Task objective ->
The lines below from the one with "Custom Racing Shirt" up to and including the one with "Raw mango rice(mamidikaya pulihora) A" are what you should set down, exactly and without pictures.

Provided information ->
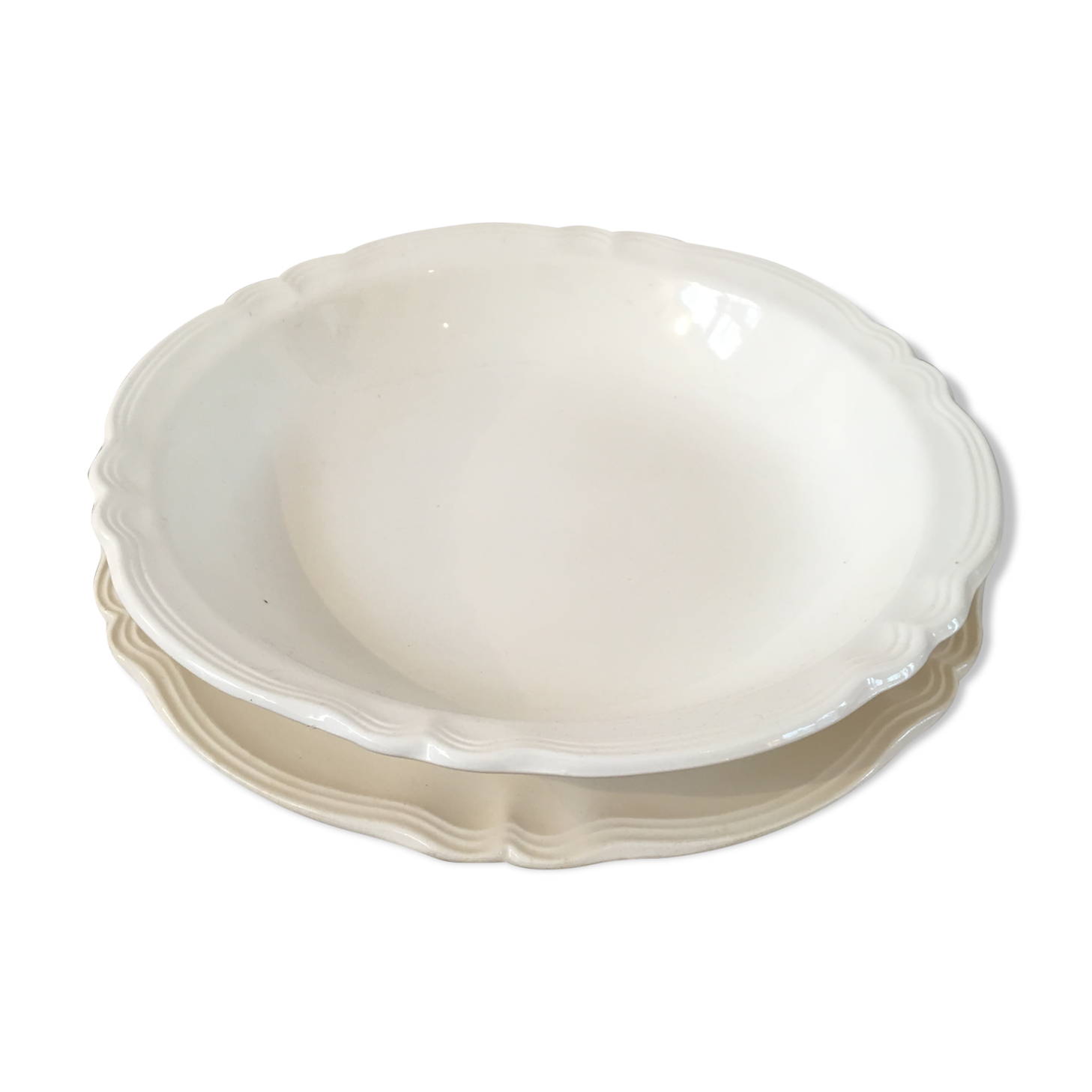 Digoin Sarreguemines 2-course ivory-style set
---
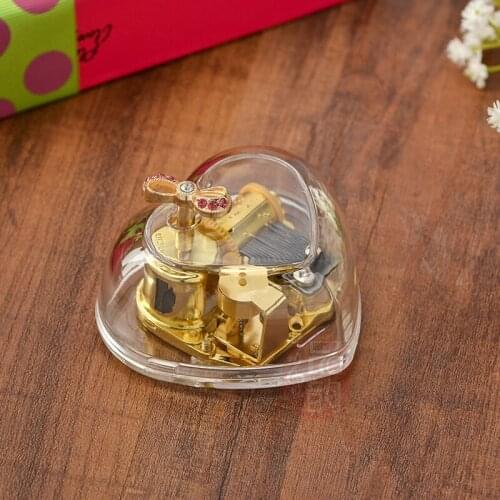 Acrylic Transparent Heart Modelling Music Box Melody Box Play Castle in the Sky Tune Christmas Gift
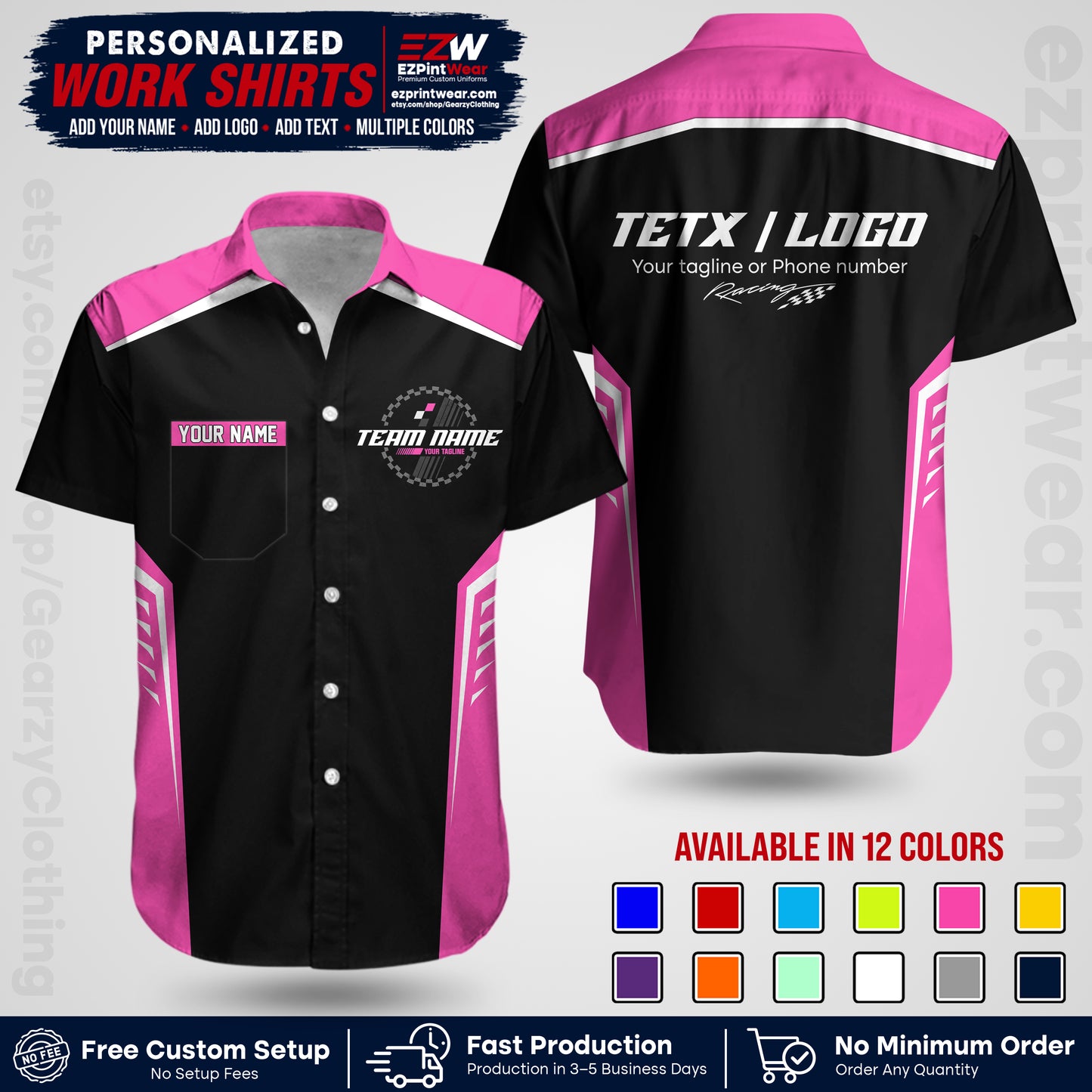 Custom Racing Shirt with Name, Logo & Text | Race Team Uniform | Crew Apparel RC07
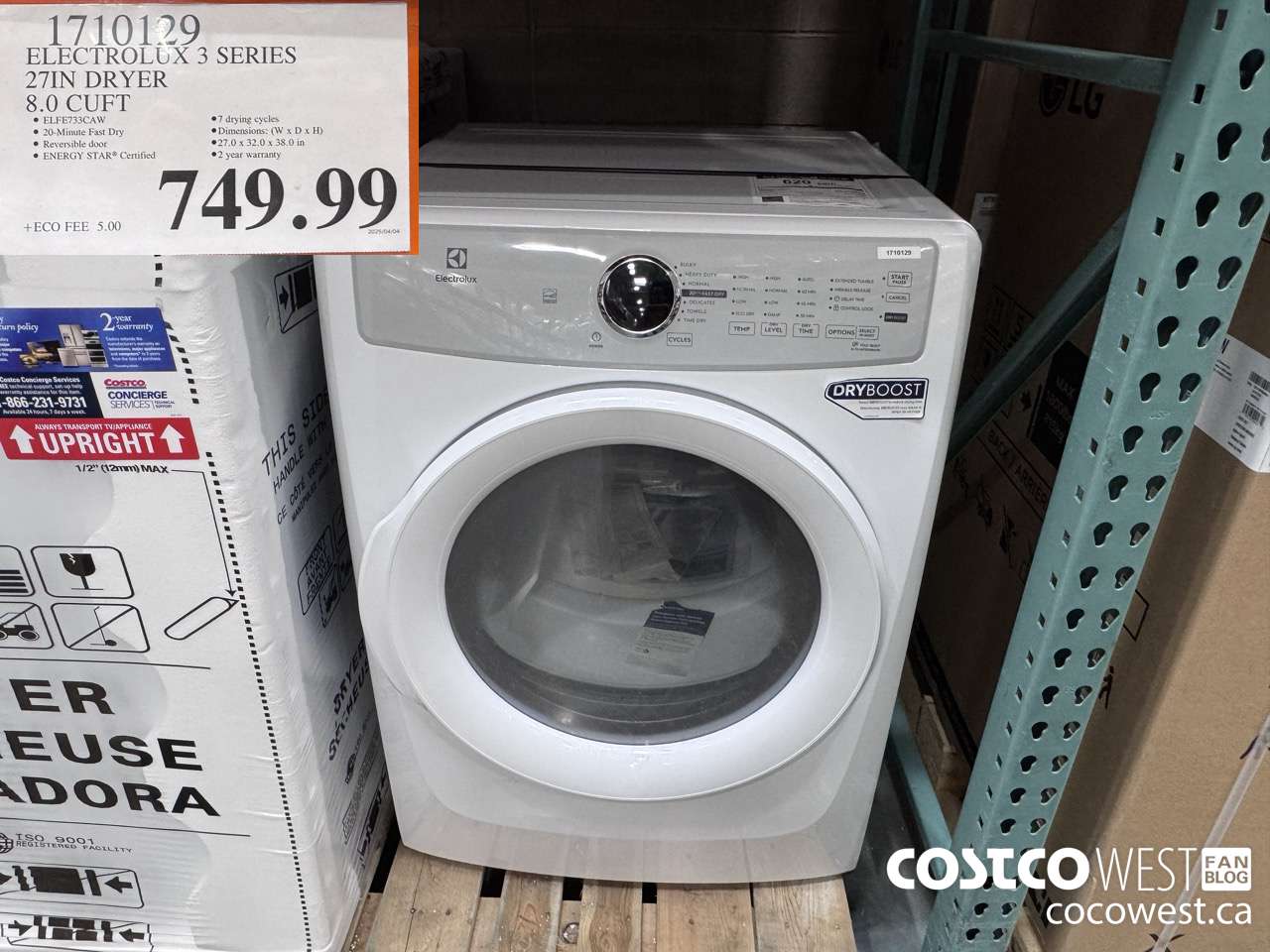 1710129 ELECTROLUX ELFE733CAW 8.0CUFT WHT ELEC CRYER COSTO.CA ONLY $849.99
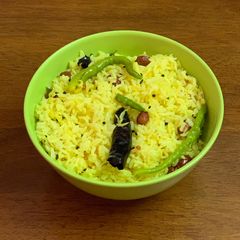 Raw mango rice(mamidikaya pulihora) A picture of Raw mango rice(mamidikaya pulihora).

Answer to this problem ->
 Custom Racing Shirt with Name, Logo & Text | Race Team Uniform | Crew Apparel RC07
 1710129 ELECTROLUX ELFE733CAW 8.0CUFT WHT ELEC CRYER COSTO.CA ONLY $849.99
 Raw mango rice(mamidikaya pulihora) A picture of Raw mango rice(mamidikaya pulihora).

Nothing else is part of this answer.